El Jiringo se quedó pensando un rato, miró fijamente al Betillo, y le reveló algo que había descubierto tiempo atrás. -Si te fijas bien, - comenzó a decir el Jiringo, - de vez en cuando aparece en el cielo una mancha que poco a poco se va haciendo más obscura y pequeña. Cuando llega al límite de su negrura y redondez, permanece ahí durante varios minutos. Yo he visto cómo algunos camaradas que se han acercado demasiado a ese hoyo negro, han sido tragados por él y nunca se les ha vuelto a ver ni por aquí ni por allá. Yo mismo una vez me acerqué por curiosidad y sentí que me jalaba. Si tú quieres, yo te puedo dar un aventón, pero no me hago responsable de lo que pase.

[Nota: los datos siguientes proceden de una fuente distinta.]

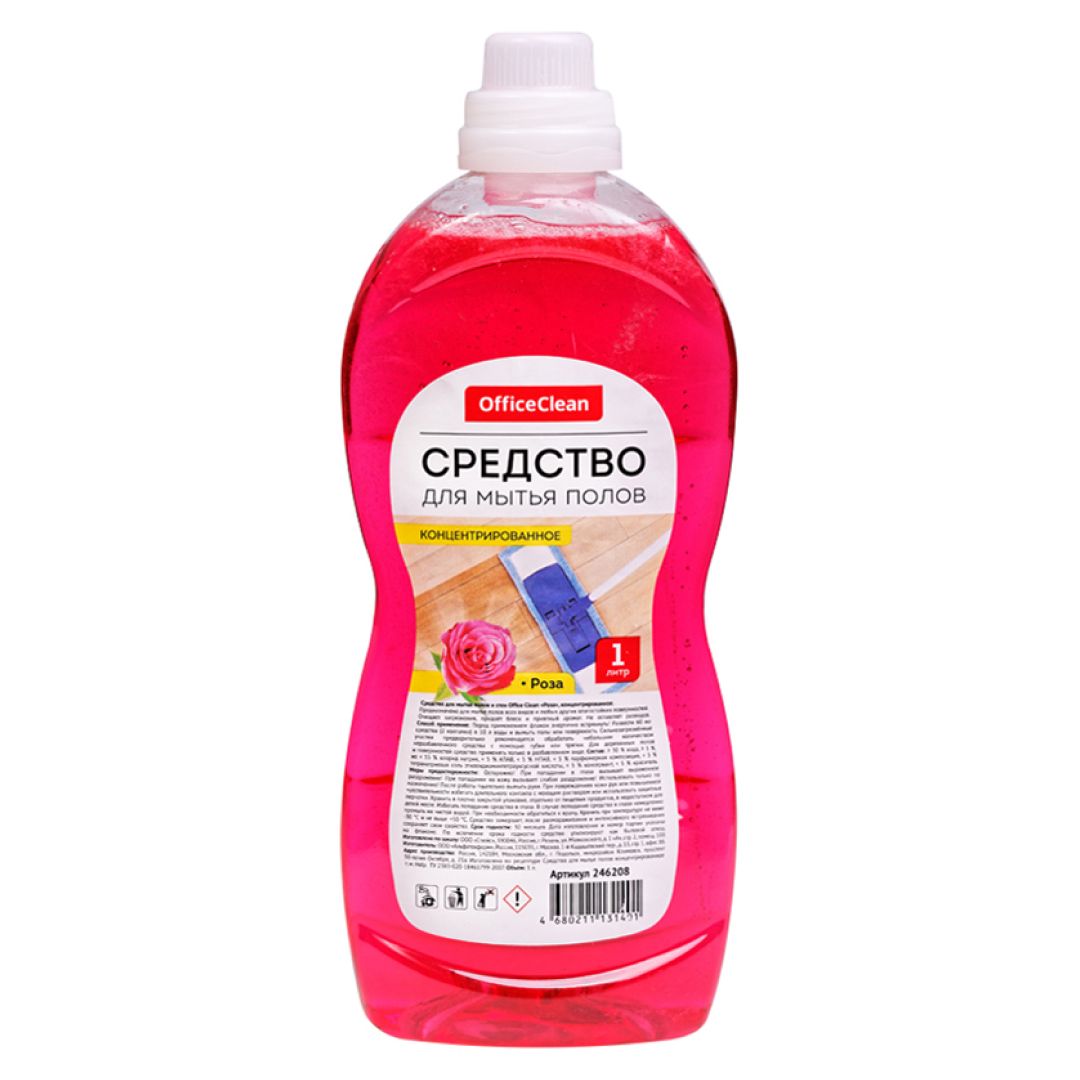 Средство для мытья полов OfficeClean "Роза", 1 л / Средства для мытья полов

El Betillo aceptó, y los dos se sentaron a mirar el cielo a esperar la aparición del hoyo negro. Pasaron semanas de incertidumbre y desesperación antes de que éste se presentara. Cuando vieron que una parte del cielo se empezaba a obscurecer, se prepararon para la acción. El Jiringo tomó de una mano al Betillo y se comenzó a elevar remolcándolo, pues el Betillo todavía no podía volar. Cuando estaban cerca, el hoyo tenía las características requeridas, entonces se empezaron a sentir fuertemente atraídos hacia él. El Jiringo soltó la mano del Betillo y lo dejó que se fuera solo a su obscurísimo objetivo. Conforme se iba acercando, la velocidad del Betillo iba aumentando hasta que por fin, se perdió en el hoyo.

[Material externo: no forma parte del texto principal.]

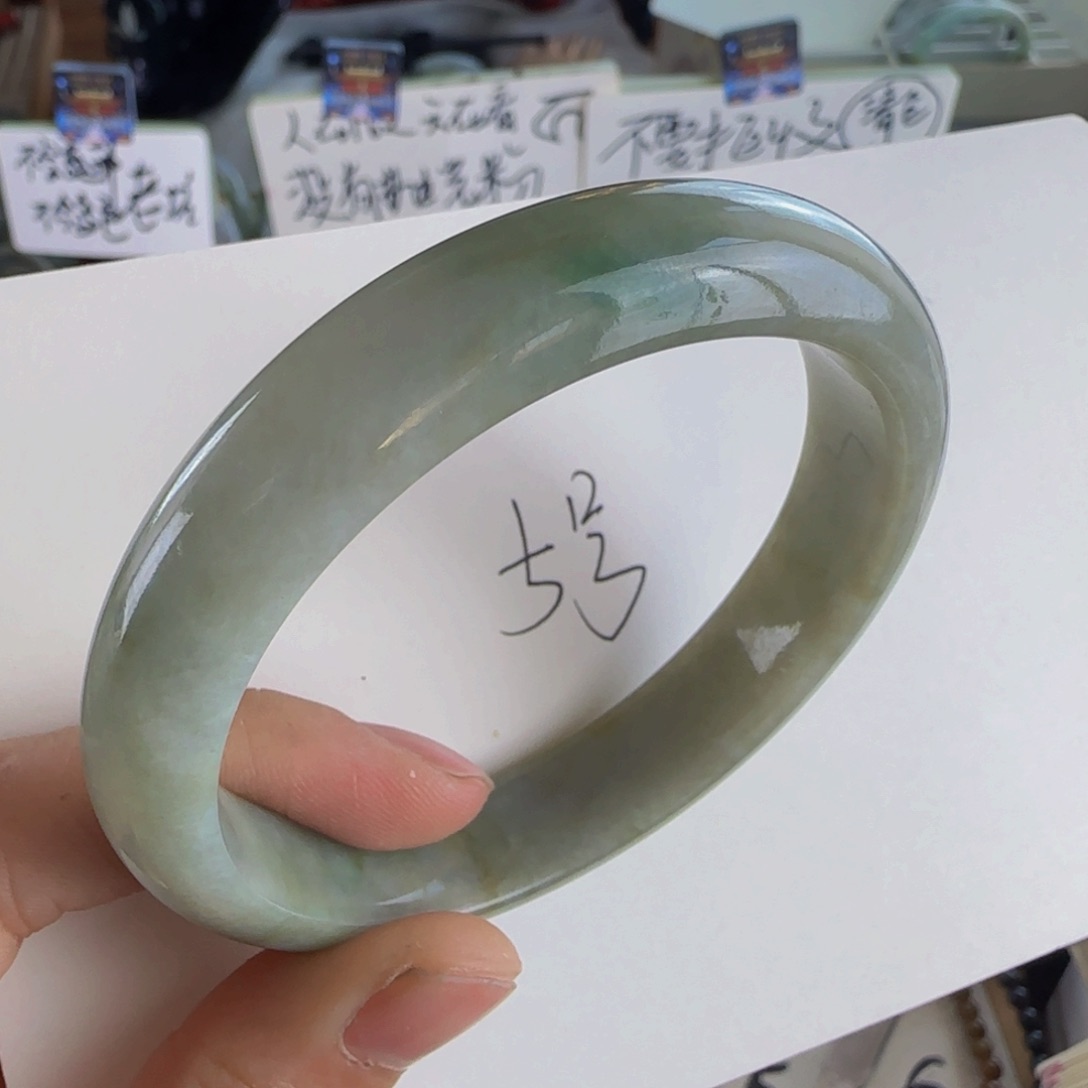 翡翠手镯未镶嵌娣老料58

Obscuridad total, silencio absoluto, ausencia de toda sensación, la nada en persona; y después, la pérdida del conocimiento.
Cuando despertó, estaba tirado en el patio de la vecindad. Al tratar de incorporarse, se estremeció pues en lugar de manos, tenía patas; y sus brazos estaban cubiertos de pelo café. El terror que se apoderó de él lo hizo gritar, pero lo único que emitió su nueva garganta fue un desgarrado ladrido. Los aullidos que su angustia y desesperación le sacaron, hicieron que los habitantes de la vecindad cerraran bien sus puertas y se recogieran temerosos, pues es bien sabido que siempre que un perro aúlla en la noche, presagia desgracias.
A partir de ese dia, cada vez que la bella Maribel sale por las mañanas rumbo a su trabajo, Un perro café la acompaña hasta la parada del pesero; y por las tardes, al regresar, siempre la está esperando para acompañarla de regreso. Ella está tan encantada con eso, que está pensando seriamente en adoptarlo, pues parece que no tiene dueño.
Quien ya casi no se aparece por la vecindad, es Adelaido Melgarejo, pues el condenado perro cada vez que lo ve, le pone cada corretiza, que lo tiene muy desanimado. Además ya le ha echado a perder siete pantalones en las siete ocasiones que lo ha alcanzado.